Purpose: Advances in surface technology and the understanding of the capabilities of osseointegrating implants have led to the use of shorter implants in a variety of clinical situations. Such implant use offers a number of potential advantages in the posterior maxilla and mandible. The purpose of this retrospective study was to examine the success rates of shorter, tissue-level implants in function for at least 60 months.
Keywords: implant success, osseointegrating implants, short implants
Materials and Methods: A retrospective study was conducted of all patients treated between January 1, 1998, and December 31, 2012, who received tissue-level endosseous implants 8 mm or less in length, which were restored with abutments and single crowns.
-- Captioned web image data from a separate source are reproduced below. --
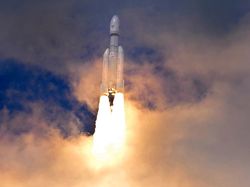 Detik-detik India Sukses Luncurkan Roket ke Bulan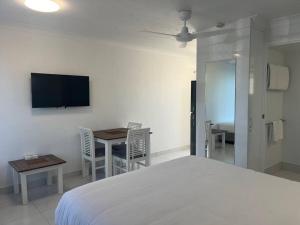 Superior Studio - Unit 4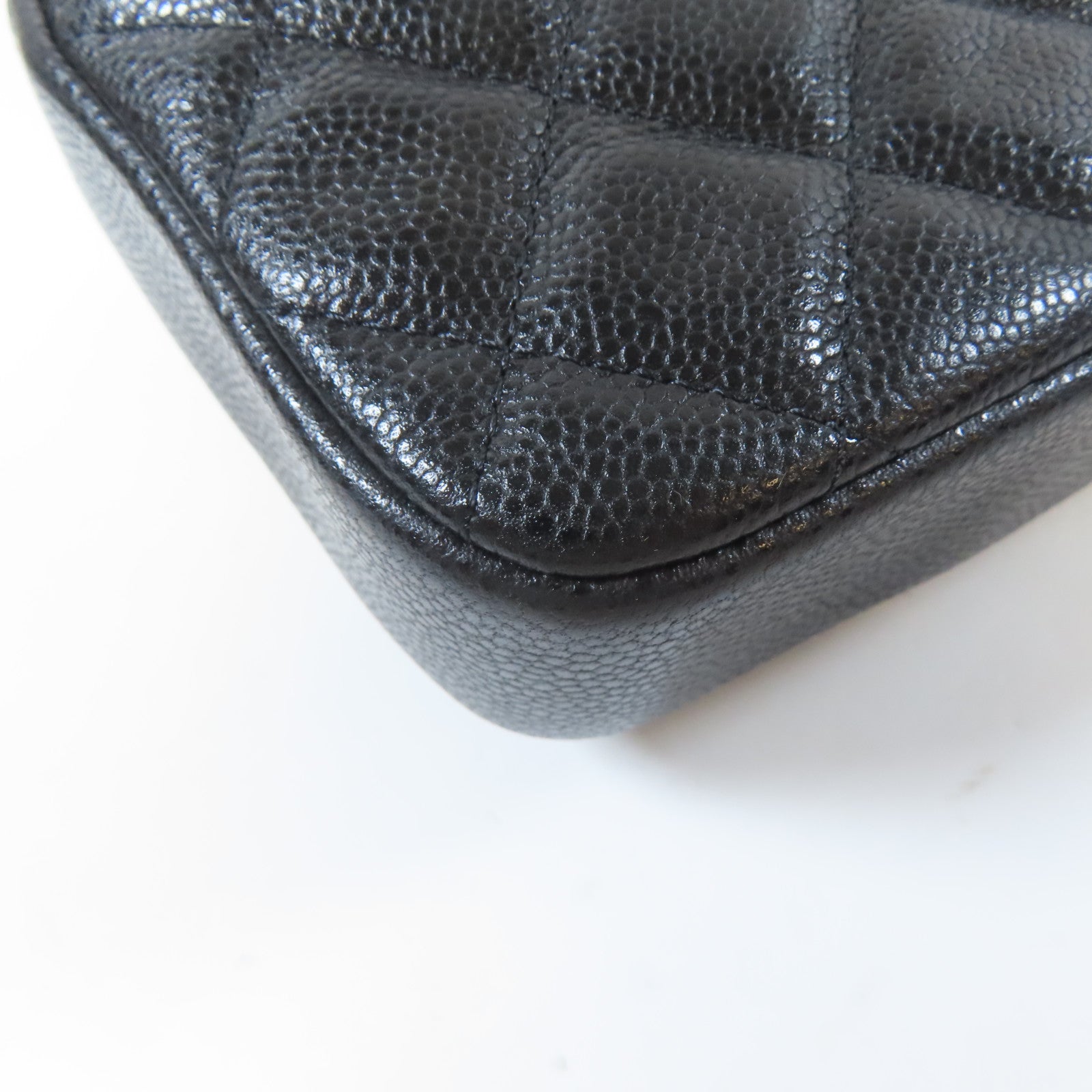 CHANEL 菱格Caviar皮革Business Affinity Phone Holder金扣鏈帶肩背袋黑色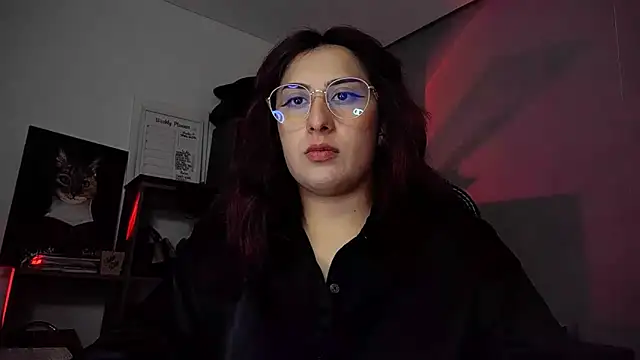 Snapshot of Scarlett_Sen chatting on 10.02.25 Scarlett Sen online show from 10.02.25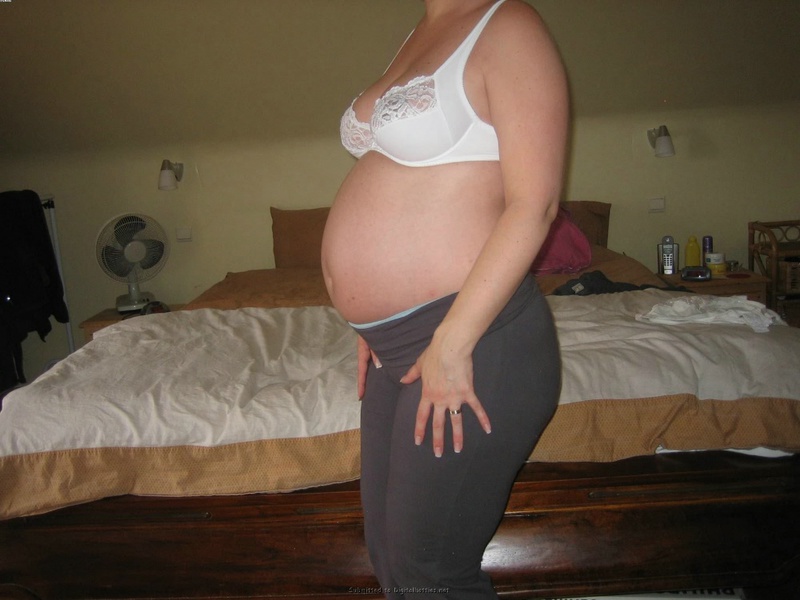 Беременная жена резво оголилась 15 фото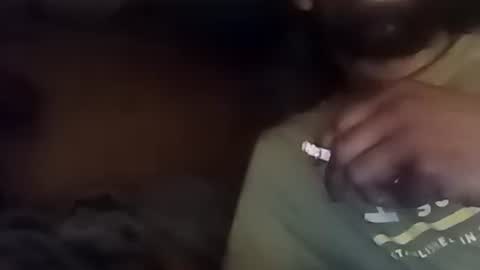 R online show from October 25, 2025, 3:14 am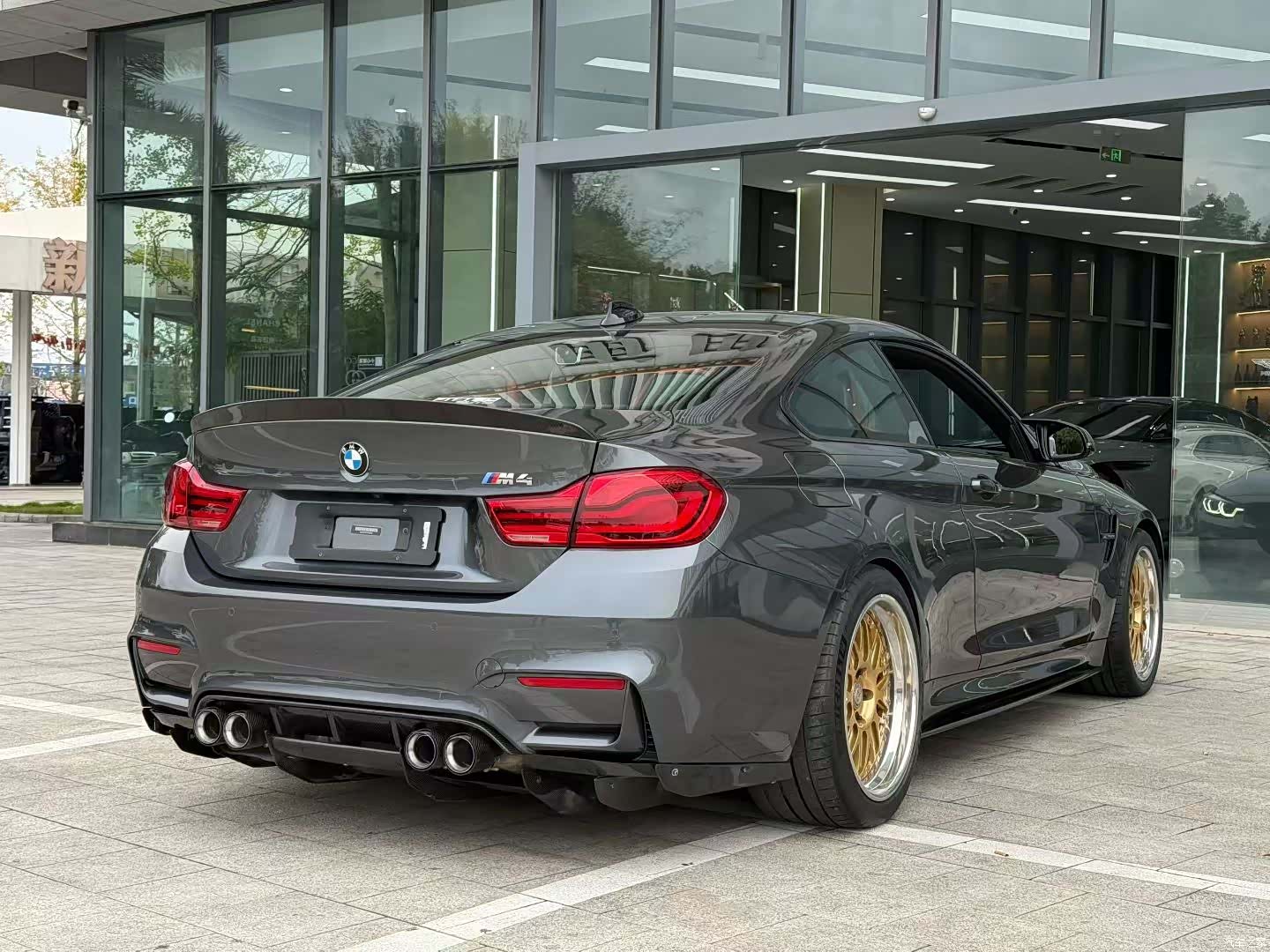 BMW M4, 2018 9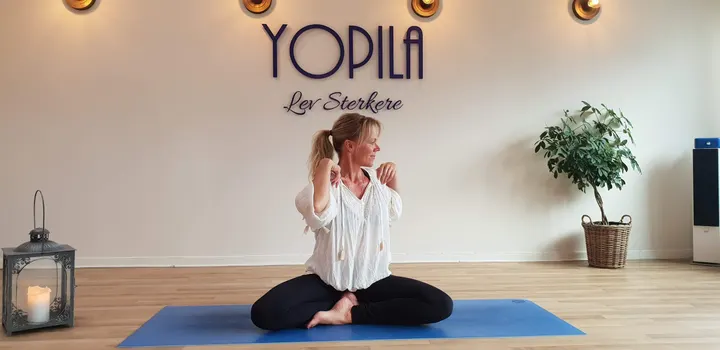 Yopila — Yoga i Kverne, Ski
Patient age, sex, location of implants, and diameter of implants were examined. Time in function and stability of peri-implant crestal bone were assessed.
Results: The retrospective analysis identified 4,251 tissue-level implants that were restored with single abutments and crowns. These implants were followed for up to 228 months in function, with a mean time in function of 127.2 months. Implant success was assessed using commonly utilized metrics combined with bone sounding on the midbuccal and midlingual/ palatal aspects of the implants. The cumulative success rate was 99.5% for all implants. In the posterior mandible, the success rate for regular-neck implants was 99.3% (n = 680, mean time in function: 136.5 months) and was 99.7% for wideneck implants (n = 2,320, mean time in function: 124.5 months). In the posterior maxilla, the success rate for regular-neck implants was 97.8% (n = 211, mean time in function: 169.1 months), and for wide-neck implants, it was 99.2% (n = 1,040, mean time in function: 127.8 months).
Conclusion: The use of shorter (8 mm or less in length) tissue-level implants in the maxilla and mandible, restored with single abutments and crowns, offers a viable treatment option, assuming specific criteria and protocols are followed. These criteria and protocols are discussed.